"Robin Dapp" <[email protected]> writes:
>> I'm really struggling to reproduce this locally, even I go back to
>> r16-3343 or r16-2382.  I see RTL like the above, and like Jakub quotes
>> in the PR, but don't see CSE mishandling it.  Not sure what I'm doing
>> wrong.
>
> For me what worked is to build from trunk on cfarm424 and test there.

Hah.  *facepalm*  I'd been using the list on the old gcc.gnu.org wiki page,
ignoring the links to cfarm.net, and didn't realise that those machines were
available.  Thanks.  And yeah, I can reproduce it on cfarm425.

(FTR, HAVE_GAS_SHF_MERGE was the difference.)

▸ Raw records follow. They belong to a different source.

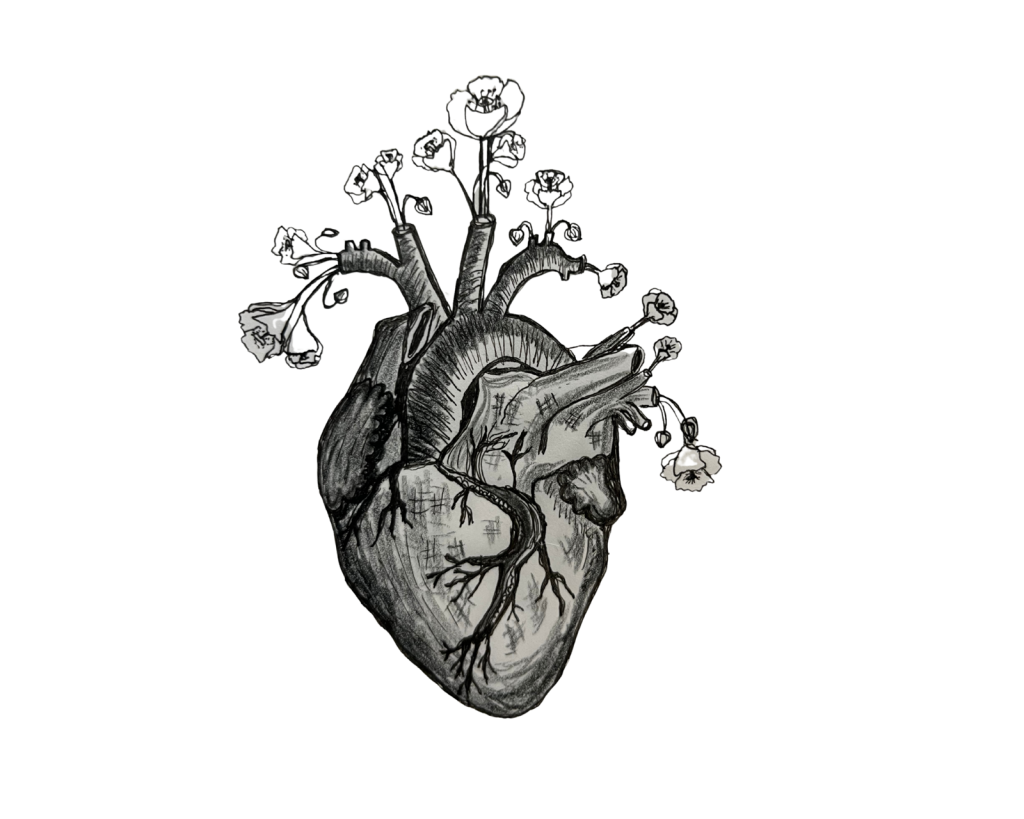 READU heart illustration by Esther Rourke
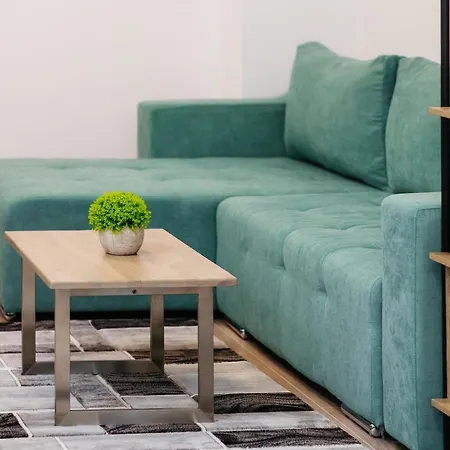 L&v Family Studio Apartment Sinaia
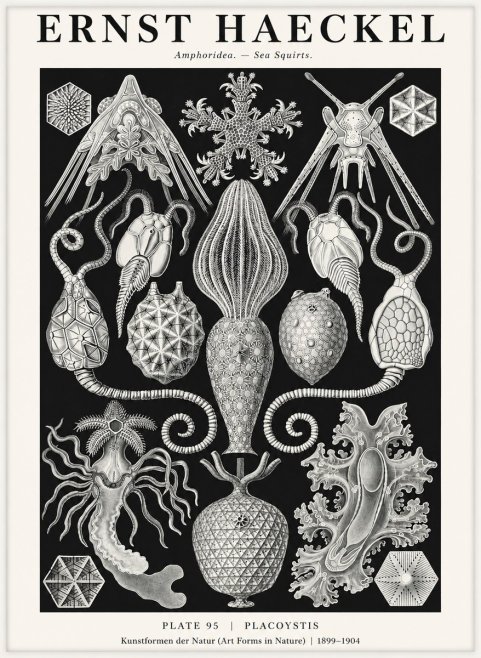 Ernst Haeckel Amphoridea No3 - Póster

> Attached is v2, doing roughly what I described.  Further context is in the 
> commit message below.  Does that sound more reasonable?
>
> (simplify_gen_vec_select looks unused with those changes, if the patch is 
> reasonable I should probably remove it as well)
>
> Bootstrapped and regtested as before.

The subreg-of-a-pseudo case was supposed to be relatively important,
although I agree it's suspicious that you didn't see any testsuite
regressions.  Either the testsuite coverage isn't very good or that
case is also handled elsewhere.

I think the bug is specific to the hard-register case though,
where we end up recording two different values for two REGs that
share the same regno.  An artifical reduced testcase is:

unsigned char __RTL (startwith ("vregs")) foo (int *ptr)
{
  (function "foo"
    (param "ptr"
      (DECL_RTL (reg/v:DI <0> [ ptr ]))
      (DECL_RTL_INCOMING (reg:DI x0 [ ptr ]))
    )
    (insn-chain
      (block 2
        (edge-from entry (flags "FALLTHRU"))
        (cnote 1 [bb 2] NOTE_INSN_BASIC_BLOCK)
        (cnote 2 NOTE_INSN_FUNCTION_BEG)
        (insn 3 (set (reg:DI <0>) (reg:DI x0)))
        (insn 4 (set (mem:DI (reg:DI <0>) [1 ptr+0 S8 A16]) (reg:DI <1>)))
        (insn 5 (set (mem:QI (plus:DI (reg:DI <0>) (const_int 8))
                             [1 ptr+8 S1 A16])
                     (subreg:QI (reg:DI <1>) 0)))
        (insn 6 (set (reg:V8QI v1)
                     (const_vector:V8QI [(const_int 3)
                                         (const_int -4)
                                         (const_int 0)
                                         (const_int 0)
                                         (const_int 0)
                                         (const_int 0)
                                         (const_int 0)
                                         (const_int 0)])))
        (insn 7 (set (reg:QI x1)
                     (subreg:QI (reg:DI <1>) 0))
                (expr_list:REG_EQUAL (const_int 3) (nil)))
        (insn 8 (set (reg:QI x0) (const_int -4)))
        (insn 9 (use (reg:QI x0)))
        (insn 10 (use (reg:QI x1)))
        (insn 11 (use (reg:V8QI v1)))
        (edge-to exit (flags "FALLTHRU"))
      ) ;; block 2
    ) ;; insn-chain
    (crtl (return_rtx (reg:QI x0)))
  ) ;; function
}

<1> is deliberately uninitialised.  The testcase works correctly
if <1> is initialised to a sensible value.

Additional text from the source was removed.